Grade 3 or 4 adverse events and serious adverse events were more common in patients receiving carboplatin, with veliparib not appearing to markedly increase toxicity. Overall, the most common grade 3 or 4 events were neutropenia (56%), anemia (29%), and thrombocytopenia (12%) during complete neoadjuvant therapy, and febrile neutropenia (15%) during doxorubicin-cyclophosphamide treatment. Overall, the most common serious adverse events were febrile neutropenia (13%) and anemia (3%).

The investigators concluded, “The addition of veliparib plus carboplatin to neoadjuvant weekly paclitaxel followed by doxorubicin and cyclophosphamide…showed a substantial, clinically significant improvement of [pathologic] complete response in the breast and resected lymph nodes compared with paclitaxel alone followed by doxorubicin and cyclophosphamide…However, the addition of veliparib to neoadjuvant carboplatin plus paclitaxel…did not improve the proportion of patients with [pathologic] complete response…compared with paclitaxel plus carboplatin…, suggesting that the improvement in observed [pathologic] complete response was due to carboplatin, without a substantial contribution from veliparib at the 50 mg dose and twice daily schedule…”

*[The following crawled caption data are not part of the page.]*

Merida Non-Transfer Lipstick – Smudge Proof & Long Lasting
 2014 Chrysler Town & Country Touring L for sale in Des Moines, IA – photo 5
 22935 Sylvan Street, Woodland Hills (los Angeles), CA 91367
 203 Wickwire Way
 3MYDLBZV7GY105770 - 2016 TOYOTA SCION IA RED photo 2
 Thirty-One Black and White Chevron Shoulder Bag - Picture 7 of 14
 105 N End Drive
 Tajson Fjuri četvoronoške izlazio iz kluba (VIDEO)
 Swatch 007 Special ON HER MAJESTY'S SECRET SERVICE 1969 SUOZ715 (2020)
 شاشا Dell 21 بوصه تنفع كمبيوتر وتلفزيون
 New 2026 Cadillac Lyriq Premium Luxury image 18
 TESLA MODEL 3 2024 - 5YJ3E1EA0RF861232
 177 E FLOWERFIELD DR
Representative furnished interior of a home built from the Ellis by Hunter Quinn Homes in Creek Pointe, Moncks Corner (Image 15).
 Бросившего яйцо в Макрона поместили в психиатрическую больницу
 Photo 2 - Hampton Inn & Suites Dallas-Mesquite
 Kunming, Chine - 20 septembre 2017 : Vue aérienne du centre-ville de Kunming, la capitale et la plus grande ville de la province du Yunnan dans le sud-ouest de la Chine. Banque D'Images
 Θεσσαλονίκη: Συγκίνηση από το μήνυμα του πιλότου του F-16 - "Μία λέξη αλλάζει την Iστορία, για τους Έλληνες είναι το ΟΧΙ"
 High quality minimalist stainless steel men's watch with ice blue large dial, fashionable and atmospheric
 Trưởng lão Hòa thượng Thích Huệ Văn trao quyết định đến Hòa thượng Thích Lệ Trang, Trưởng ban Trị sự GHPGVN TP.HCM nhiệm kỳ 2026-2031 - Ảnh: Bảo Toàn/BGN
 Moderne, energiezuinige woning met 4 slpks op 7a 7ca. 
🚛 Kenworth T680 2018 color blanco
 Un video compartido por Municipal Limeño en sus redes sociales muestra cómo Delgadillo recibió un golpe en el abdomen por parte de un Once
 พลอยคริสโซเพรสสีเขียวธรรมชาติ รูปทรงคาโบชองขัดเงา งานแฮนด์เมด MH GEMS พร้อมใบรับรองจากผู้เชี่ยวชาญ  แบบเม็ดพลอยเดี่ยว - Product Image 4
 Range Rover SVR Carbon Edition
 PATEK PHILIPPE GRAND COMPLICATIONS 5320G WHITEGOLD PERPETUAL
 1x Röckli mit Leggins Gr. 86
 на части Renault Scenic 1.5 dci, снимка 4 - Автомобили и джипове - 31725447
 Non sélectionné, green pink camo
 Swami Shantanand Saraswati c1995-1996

They further stated, “Increased toxicities with the addition of carboplatin (with or without veliparib) to paclitaxel were manageable and did not substantially affect treatment delivery of paclitaxel followed by doxorubicin and cyclophosphamide. Given the consistent results with previous studies, the addition of carboplatin appears to have a favourable risk to benefit profile and might be considered as a potential component of neoadjuvant chemotherapy for patients with high-risk, triple-negative breast cancer.”

The study was funded by AbbVie.

Sibylle Loibl, MD, of the German Breast Group, Neu-Isenburg, is the corresponding author for The Lancet Oncology article.

The content in this post has not been reviewed by the American Society of Clinical Oncology, Inc. (ASCO®) and does not necessarily reflect the ideas and opinions of ASCO®.